Running Containerised Batch Jobs on Google Cloud Platform

I needed to OCR tens of thousands of Sri Lankan Hansard PDFs each over 100 pages, quickly, reliably and without managing infrastructure. This guide walks through how I used GCP Batch to build a fully parallel, fault-tolerant pipeline.

Google Cloud credits are provided for this project.


Table of Contents

  1. Overview & Architecture
  2. Prerequisites
  3. Project Setup
  4. Storing Data in Cloud Storage
  5. Writing the Worker Script
  6. Containerising with Docker
  7. Pushing the Image to Artifact Registry
  8. Submitting the Batch Job
  9. Monitoring & Debugging
  10. Common Pitfalls & Fixes

1. Overview & Architecture

What is GCP Batch?

GCP Batch is a fully managed service that provisions VMs, runs your containerised workload across them in parallel, and tears everything down automatically. It is ideal for:

  • Large-scale data processing (OCR, transcription, ML inference)
  • Scientific simulations
  • Rendering pipelines
  • Any task that can be split into independent units of work

How it works

┌─────────────────────────────────────────────────────────────────┐
│                        GCP Batch Job                            │
│                                                                 │
│   TaskGroup (1 task per file)                                   │
│   ┌──────────┐  ┌──────────┐  ┌──────────┐  ┌──────────┐      │
│   │ Task  0  │  │ Task  1  │  │ Task  2  │  │ Task  N  │ ...  │
│   │ (file_0) │  │ (file_1) │  │ (file_2) │  │ (file_N) │      │
│   └────┬─────┘  └────┬─────┘  └────┬─────┘  └────┬─────┘      │
│        │              │              │              │            │
│        ▼              ▼              ▼              ▼            │
│  Docker Container (your worker image, one per VM)               │
└──────────────────────────┬──────────────────────────────────────┘
                           │ reads / writes
         ┌─────────────────┴──────────────────┐
         │         Cloud Storage (GCS)         │
         │  input_files/   outputs/            │
         └────────────────────────────────────┘

Each task gets a unique BATCH_TASK_INDEX environment variable (0, 1, 2, …, N−1). Your worker uses this index to look up which file it should process from a manifest stored in GCS.


2. Prerequisites

Tools to install

Tool Purpose Install
gcloud CLI Manage GCP resources cloud.google.com/sdk
docker Build & push container images docs.docker.com
Python 3.10+ Run the job-submission script python.org

Python packages

pip install google-cloud-storage google-cloud-batch

Authenticate gcloud

gcloud auth login
gcloud auth application-default login   # lets Python SDKs use your credentials
gcloud config set project YOUR_PROJECT_ID

3. Project Setup

Enable the required APIs

gcloud services enable \
  batch.googleapis.com \
  artifactregistry.googleapis.com \
  storage.googleapis.com \
  logging.googleapis.com

Create an Artifact Registry repository (to store your Docker image)

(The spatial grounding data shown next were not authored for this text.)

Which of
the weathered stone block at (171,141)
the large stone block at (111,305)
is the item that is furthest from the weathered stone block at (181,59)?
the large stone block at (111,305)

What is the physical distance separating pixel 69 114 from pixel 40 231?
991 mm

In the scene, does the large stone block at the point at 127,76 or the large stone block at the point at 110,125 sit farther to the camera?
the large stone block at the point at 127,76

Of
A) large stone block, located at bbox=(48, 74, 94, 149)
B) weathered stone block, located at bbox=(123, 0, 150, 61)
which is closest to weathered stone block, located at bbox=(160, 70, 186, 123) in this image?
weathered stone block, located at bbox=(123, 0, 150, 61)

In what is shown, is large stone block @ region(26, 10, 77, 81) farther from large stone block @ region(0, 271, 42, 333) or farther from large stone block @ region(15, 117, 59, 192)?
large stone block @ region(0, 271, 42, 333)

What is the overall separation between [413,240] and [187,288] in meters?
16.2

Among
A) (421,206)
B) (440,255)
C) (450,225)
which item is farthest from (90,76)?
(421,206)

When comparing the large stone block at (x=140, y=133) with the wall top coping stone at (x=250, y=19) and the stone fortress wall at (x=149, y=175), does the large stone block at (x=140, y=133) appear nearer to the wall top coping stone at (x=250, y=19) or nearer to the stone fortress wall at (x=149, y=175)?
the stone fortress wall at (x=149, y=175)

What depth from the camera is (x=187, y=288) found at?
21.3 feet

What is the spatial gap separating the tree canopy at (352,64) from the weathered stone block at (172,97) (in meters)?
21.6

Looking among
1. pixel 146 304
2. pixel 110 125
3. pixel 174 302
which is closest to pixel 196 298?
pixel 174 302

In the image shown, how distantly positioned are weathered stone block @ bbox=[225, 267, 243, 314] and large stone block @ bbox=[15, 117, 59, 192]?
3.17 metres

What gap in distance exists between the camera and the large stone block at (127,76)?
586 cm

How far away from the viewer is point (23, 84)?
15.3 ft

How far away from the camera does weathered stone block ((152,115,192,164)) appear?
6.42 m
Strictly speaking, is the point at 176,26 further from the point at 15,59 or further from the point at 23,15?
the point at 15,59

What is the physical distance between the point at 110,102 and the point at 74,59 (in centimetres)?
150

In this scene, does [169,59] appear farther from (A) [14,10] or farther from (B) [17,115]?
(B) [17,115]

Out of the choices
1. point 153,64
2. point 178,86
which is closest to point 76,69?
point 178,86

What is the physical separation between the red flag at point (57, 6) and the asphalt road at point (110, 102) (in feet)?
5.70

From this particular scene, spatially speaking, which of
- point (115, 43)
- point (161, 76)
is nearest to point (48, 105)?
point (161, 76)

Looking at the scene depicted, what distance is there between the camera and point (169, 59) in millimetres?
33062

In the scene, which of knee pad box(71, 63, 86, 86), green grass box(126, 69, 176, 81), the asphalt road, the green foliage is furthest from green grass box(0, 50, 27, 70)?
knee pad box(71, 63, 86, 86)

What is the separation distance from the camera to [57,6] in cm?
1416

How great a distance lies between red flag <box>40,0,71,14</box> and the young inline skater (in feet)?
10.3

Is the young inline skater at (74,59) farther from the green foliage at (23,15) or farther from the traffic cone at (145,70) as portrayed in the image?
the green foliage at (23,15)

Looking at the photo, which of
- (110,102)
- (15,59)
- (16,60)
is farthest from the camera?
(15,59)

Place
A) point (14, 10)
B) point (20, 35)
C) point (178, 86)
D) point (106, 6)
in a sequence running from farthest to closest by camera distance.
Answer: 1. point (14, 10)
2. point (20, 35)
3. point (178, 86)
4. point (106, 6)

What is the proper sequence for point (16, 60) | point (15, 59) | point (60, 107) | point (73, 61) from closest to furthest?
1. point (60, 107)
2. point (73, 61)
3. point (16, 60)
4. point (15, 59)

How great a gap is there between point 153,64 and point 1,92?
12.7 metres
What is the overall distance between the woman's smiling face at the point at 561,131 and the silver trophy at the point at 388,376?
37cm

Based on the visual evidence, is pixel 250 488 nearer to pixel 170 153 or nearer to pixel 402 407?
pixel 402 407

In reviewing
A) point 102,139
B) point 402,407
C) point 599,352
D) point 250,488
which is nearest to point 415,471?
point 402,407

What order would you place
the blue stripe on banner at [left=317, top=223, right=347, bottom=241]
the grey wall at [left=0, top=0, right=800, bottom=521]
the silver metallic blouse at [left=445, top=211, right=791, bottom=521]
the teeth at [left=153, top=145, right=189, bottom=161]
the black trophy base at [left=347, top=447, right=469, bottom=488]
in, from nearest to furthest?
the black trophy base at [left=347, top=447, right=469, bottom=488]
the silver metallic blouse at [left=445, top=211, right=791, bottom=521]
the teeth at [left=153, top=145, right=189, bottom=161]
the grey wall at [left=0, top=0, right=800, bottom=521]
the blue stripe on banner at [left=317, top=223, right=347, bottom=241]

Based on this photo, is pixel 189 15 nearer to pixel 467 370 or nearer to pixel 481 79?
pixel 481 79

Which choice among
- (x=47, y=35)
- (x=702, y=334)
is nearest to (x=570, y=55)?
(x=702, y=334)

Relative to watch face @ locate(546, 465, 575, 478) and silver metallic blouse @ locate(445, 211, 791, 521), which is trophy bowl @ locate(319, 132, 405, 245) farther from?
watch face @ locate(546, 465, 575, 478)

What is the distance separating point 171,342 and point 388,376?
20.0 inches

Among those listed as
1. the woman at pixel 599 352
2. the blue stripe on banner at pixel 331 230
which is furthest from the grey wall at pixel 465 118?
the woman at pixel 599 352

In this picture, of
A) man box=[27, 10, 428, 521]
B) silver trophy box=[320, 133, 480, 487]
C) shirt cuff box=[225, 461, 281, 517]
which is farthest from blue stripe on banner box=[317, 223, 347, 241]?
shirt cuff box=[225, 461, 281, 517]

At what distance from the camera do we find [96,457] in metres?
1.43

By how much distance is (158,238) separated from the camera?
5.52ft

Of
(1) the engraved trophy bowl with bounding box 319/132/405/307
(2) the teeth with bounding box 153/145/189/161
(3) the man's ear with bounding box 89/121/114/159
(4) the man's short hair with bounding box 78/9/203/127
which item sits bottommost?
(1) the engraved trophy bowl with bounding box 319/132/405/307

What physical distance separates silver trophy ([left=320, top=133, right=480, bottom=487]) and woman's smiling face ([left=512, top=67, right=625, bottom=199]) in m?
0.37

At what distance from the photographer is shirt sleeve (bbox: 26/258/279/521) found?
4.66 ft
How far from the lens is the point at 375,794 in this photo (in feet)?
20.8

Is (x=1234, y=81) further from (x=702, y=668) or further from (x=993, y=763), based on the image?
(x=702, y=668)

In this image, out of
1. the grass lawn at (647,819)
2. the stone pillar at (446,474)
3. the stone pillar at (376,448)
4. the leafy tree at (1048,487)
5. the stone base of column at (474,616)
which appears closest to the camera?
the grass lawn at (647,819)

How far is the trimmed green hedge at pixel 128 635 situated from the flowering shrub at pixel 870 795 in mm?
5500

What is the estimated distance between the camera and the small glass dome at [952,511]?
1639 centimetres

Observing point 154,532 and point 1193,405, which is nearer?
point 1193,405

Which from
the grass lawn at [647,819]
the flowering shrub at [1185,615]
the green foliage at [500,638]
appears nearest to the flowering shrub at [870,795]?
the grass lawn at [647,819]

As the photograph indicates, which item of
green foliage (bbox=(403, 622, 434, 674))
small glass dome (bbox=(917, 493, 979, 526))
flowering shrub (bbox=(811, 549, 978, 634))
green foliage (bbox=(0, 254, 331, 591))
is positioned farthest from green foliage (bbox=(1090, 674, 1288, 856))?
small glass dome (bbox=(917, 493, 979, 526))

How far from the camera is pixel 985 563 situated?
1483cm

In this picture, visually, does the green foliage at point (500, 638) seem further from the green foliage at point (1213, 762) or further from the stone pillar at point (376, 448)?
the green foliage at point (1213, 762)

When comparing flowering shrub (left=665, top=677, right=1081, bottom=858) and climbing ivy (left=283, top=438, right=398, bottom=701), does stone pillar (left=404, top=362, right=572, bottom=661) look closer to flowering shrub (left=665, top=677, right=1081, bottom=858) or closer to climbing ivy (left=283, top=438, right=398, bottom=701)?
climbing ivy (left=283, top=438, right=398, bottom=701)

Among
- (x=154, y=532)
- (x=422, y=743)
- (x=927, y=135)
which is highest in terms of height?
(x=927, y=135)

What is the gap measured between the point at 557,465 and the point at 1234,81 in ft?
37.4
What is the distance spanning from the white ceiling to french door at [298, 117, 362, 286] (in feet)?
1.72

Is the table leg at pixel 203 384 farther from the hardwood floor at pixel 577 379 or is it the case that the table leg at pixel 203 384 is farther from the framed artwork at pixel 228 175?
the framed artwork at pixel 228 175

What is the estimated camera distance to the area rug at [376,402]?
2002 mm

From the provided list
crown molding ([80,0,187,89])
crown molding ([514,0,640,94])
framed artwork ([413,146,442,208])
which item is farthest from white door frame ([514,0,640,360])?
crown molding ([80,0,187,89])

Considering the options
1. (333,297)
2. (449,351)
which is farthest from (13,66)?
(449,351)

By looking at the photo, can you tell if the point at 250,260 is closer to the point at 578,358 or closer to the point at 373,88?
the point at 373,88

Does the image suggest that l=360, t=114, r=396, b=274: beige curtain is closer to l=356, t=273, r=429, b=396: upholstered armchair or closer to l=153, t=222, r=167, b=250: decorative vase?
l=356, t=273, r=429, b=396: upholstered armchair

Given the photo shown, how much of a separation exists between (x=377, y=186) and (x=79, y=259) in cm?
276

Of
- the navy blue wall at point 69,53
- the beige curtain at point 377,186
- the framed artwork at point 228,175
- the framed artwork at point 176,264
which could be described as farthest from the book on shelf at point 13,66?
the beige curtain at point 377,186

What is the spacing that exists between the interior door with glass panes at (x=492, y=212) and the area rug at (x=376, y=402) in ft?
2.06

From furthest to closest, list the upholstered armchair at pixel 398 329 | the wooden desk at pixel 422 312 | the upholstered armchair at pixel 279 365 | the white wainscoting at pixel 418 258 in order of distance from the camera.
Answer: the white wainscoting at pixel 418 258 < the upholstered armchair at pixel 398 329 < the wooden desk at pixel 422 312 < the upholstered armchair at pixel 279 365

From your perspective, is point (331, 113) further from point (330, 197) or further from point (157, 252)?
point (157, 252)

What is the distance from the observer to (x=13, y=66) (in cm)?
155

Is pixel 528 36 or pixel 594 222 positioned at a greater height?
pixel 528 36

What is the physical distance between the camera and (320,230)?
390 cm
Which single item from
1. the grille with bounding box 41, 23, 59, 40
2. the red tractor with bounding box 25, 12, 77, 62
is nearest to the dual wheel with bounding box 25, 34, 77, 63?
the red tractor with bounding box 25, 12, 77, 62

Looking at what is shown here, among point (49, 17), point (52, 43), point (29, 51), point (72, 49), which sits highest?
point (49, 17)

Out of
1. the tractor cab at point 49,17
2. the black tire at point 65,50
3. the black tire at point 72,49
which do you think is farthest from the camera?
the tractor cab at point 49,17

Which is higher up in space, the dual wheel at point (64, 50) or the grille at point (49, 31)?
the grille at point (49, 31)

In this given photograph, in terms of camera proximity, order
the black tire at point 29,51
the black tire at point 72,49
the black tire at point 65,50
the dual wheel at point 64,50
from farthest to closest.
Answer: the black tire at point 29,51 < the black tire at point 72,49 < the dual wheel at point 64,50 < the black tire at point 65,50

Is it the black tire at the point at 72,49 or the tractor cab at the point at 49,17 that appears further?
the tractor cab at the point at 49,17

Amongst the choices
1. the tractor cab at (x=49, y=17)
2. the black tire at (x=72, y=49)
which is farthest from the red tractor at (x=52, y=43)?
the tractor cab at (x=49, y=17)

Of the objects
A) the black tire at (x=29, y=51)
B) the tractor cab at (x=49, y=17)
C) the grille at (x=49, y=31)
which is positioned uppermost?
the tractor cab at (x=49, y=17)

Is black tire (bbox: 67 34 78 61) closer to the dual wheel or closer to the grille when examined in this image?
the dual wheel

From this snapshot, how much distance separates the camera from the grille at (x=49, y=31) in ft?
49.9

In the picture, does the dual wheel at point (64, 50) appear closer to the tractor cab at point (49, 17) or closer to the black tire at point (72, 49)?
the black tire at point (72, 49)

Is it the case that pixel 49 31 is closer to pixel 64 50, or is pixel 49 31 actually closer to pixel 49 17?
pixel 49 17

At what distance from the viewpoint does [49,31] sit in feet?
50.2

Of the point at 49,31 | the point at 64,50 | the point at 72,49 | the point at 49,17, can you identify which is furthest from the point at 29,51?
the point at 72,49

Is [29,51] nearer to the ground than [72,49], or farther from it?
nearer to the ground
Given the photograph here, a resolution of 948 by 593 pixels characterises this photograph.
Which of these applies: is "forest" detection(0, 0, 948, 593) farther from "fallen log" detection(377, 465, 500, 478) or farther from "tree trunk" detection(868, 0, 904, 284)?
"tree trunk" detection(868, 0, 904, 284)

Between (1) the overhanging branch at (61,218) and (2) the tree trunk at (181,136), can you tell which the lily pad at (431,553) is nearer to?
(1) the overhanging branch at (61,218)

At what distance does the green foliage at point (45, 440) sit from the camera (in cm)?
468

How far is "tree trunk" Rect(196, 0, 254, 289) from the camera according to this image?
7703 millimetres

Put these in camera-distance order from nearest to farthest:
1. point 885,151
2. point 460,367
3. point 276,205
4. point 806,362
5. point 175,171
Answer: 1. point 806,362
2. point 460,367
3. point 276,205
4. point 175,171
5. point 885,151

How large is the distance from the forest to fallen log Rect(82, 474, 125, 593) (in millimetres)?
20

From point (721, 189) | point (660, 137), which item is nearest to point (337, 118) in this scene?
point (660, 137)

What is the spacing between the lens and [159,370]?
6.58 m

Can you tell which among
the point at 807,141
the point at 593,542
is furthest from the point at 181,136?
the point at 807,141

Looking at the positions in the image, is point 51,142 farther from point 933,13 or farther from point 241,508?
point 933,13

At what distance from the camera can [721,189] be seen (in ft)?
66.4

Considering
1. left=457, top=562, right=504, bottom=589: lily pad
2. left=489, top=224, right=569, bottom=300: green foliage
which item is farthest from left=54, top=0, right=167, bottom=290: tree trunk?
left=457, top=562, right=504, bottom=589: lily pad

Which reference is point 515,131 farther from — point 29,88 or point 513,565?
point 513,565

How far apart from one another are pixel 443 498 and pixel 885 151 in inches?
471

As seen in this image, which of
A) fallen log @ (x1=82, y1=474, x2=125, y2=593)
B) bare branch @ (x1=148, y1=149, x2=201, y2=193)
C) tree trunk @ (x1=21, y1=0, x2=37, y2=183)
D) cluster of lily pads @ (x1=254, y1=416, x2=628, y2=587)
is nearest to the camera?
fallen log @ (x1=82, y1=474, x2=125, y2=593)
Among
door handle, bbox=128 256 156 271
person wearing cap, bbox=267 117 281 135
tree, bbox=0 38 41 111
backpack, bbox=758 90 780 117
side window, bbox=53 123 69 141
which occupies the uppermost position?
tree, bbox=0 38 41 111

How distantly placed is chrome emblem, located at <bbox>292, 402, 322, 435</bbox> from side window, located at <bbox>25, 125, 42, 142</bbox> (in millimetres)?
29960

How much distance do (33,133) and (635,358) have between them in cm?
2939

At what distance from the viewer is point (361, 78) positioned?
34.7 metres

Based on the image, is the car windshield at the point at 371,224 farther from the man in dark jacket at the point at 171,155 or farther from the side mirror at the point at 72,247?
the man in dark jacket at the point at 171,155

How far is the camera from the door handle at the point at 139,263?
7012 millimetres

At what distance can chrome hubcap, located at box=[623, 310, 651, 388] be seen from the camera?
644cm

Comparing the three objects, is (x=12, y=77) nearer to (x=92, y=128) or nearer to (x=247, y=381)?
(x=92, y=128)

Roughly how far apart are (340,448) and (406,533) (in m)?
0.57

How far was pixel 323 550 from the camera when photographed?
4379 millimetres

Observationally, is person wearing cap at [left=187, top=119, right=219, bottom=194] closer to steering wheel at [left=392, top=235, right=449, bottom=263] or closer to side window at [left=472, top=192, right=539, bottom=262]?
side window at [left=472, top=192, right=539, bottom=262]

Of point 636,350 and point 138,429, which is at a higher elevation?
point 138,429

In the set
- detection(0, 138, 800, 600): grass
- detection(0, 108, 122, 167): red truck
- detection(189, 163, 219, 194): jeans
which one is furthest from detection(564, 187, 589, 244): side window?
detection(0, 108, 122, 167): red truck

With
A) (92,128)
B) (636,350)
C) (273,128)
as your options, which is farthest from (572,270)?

gcloud artifacts repositories create YOUR_REPO_NAME \
  --repository-format=docker \
  --location=us-central1 \
  --description="Docker images for batch jobs"

Grant the default Compute Service Account access to pull images

GCP Batch VMs use the default Compute Engine service account (PROJECT_NUMBER-compute@developer.gserviceaccount.com). It needs permission to pull your image:

gcloud artifacts repositories add-iam-policy-binding YOUR_REPO_NAME \
  --location=us-central1 \
  --member="serviceAccount:PROJECT_NUMBER-compute@developer.gserviceaccount.com" \
  --role="roles/artifactregistry.reader"

[!TIP] Find your project number with: gcloud projects describe YOUR_PROJECT_ID --format='value(projectNumber)'

Grant access to Cloud Storage

The same service account needs to read inputs and write outputs:

gsutil iam ch \
  serviceAccount:PROJECT_NUMBER-compute@developer.gserviceaccount.com:roles/storage.objectAdmin \
  gs://YOUR_BUCKET_NAME

4. Storing Data in Cloud Storage

Create a bucket

gsutil mb -l us-central1 gs://YOUR_BUCKET_NAME

Upload your input files

gsutil -m cp -r /local/path/to/pdfs/ gs://YOUR_BUCKET_NAME/input_files/

The manifest pattern

Instead of hardcoding file names in your container, use a manifest file — a plain-text list of all files to process. Each task reads line TASK_INDEX from this file.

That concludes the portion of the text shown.